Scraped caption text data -

____

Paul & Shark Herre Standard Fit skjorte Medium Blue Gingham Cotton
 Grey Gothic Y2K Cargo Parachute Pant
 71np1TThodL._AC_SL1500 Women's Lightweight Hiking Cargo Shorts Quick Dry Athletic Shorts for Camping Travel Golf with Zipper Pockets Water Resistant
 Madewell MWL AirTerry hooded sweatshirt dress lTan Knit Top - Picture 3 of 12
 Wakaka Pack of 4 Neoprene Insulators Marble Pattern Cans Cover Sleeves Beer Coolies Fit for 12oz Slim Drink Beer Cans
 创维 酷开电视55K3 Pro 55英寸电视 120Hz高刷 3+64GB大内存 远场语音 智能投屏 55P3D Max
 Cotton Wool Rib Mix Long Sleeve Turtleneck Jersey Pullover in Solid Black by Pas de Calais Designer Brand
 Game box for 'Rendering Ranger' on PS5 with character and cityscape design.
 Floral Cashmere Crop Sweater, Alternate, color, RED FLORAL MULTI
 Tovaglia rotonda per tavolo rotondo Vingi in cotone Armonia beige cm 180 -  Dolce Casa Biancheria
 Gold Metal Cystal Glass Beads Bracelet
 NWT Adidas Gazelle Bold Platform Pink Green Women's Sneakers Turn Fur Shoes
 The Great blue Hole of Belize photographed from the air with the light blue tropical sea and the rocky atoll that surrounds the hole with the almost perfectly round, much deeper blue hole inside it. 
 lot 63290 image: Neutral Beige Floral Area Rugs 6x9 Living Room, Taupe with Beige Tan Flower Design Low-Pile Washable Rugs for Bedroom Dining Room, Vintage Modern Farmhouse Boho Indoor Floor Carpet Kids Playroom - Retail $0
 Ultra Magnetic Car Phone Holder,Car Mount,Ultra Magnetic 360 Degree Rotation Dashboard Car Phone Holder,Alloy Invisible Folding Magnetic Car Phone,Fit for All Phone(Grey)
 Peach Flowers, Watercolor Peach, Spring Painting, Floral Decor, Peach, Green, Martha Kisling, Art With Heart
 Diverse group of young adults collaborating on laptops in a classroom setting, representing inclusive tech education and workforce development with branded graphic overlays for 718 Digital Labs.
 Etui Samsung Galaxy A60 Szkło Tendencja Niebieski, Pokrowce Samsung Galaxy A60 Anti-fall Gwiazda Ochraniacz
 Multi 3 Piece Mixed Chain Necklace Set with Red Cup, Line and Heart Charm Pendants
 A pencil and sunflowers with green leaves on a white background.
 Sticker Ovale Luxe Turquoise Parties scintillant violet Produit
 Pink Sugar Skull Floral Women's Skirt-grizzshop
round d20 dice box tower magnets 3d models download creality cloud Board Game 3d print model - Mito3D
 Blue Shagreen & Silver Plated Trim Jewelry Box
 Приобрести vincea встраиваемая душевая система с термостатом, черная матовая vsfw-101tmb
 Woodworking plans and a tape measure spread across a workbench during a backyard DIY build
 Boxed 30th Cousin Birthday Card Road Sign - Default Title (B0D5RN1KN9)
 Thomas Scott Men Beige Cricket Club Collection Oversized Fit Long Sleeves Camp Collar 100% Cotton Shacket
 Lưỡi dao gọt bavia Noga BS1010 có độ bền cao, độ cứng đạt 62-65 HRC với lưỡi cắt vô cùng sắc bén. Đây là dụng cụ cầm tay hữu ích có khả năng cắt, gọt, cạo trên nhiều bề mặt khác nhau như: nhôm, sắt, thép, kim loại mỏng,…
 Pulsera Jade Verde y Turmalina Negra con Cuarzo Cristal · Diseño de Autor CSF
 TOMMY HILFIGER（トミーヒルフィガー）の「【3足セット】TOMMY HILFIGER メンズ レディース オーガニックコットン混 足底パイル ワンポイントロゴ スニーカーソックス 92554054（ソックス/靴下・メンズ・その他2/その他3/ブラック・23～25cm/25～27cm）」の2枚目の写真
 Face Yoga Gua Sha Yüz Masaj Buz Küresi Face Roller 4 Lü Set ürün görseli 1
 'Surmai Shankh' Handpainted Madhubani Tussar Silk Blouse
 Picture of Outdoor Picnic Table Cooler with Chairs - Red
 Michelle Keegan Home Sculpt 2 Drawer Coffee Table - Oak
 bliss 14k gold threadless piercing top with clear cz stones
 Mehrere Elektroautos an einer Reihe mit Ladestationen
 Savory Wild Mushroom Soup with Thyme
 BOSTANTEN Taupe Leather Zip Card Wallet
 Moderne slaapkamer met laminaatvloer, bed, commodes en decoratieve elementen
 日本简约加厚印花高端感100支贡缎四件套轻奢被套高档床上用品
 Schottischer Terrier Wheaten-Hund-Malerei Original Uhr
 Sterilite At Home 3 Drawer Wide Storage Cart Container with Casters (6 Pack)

____

Write the lines out again exactly, from the one containing "日本简约加厚印花高端感100支贡缎四件套轻奢被套高档床上用品" through the last line of the records, and include no other lines.

Finished exercise -
 日本简约加厚印花高端感100支贡缎四件套轻奢被套高档床上用品
 Schottischer Terrier Wheaten-Hund-Malerei Original Uhr
 Sterilite At Home 3 Drawer Wide Storage Cart Container with Casters (6 Pack)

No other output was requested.